My Role: Lead UI Design, Research, Design Iteration

The Product

The Sales Boomerang integration with Salesforce allowed loan officers to receive alerts when clients in their database reached certain milestones. The three alerts that were implemented were Mortgage Inquiry Alert, Listing Alert, and Rate Alert. Once a loan officer views an alert they can quickly reach out to their client to see how they can best assist them.

End Users: Loan officers trying to gain a selling advantage

Main User Goal: View and quickly act upon certain alerts to increase revenue

Additional User Goals: Keep track of business actions, view follow-up scripts, reference client contact information


The Business Need

The business needed an easy-to-use dashboard that would let their loan officers know about certain alerts that they receive from Sales Boomerang and how to quickly capitalize on them.
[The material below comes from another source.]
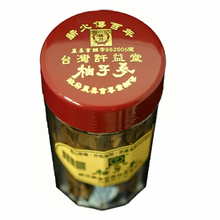 润喉 止咳化痰 台湾 柚子 参 许益堂柚子参300克金字招牌麻...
Main Project Goal: Create a dashboard that shows alerts, allows users to record business actions, and access follow-up scripts.


The Research & Initial Design

First I researched Sales Boomerang to familiarize myself with their company and the benefits they provided the business. Once I had a firm grasp of their benefits I began researching dashboard best practices and various dashboard designs. At the time of the initial design, it was unclear which exact alert types we would use so I added all five of the alert types to the dashboard. To differentiate the alert types I used the colors that matched the Sales Boomerang alert type on their website.

Sales Boomerang Dashboard Initial Design that was presented to the team.

The Design Iteration

After several rounds of presenting the dashboard design and collecting feedback from the team of product analysts, product managers, developers, and QA members, we were confident that we had an intuitive interface. We added much-needed functionality such as a “Take Action” button as well as a “View Scripts” button. These buttons would trigger modals that helped the loan officer keep track of their business and provide essential communication information. Ultimately I was able to leverage the dashboard design that I already created for the Activity Tracker feature within Salesforce. This helped the user adoption by using a design that users were already familiar with and naturally fit in with the customized Salesforce homepage I had created earlier.


Take Action Modal

The Take Action Modal appears after the user selects the button labeled "Take Action."
 

View Scripts Modal

The Follow Up Script Modal appears the user selects the button labeled "View Scripts."

The Result

The result of creating this dashboard increased company revenue and loan officer satisfaction by having an easy-to-use tool that alerted them of clients that could be close to making a property decision. With this project, I was reminded how valuable feedback is from other parts of the team to create the best product.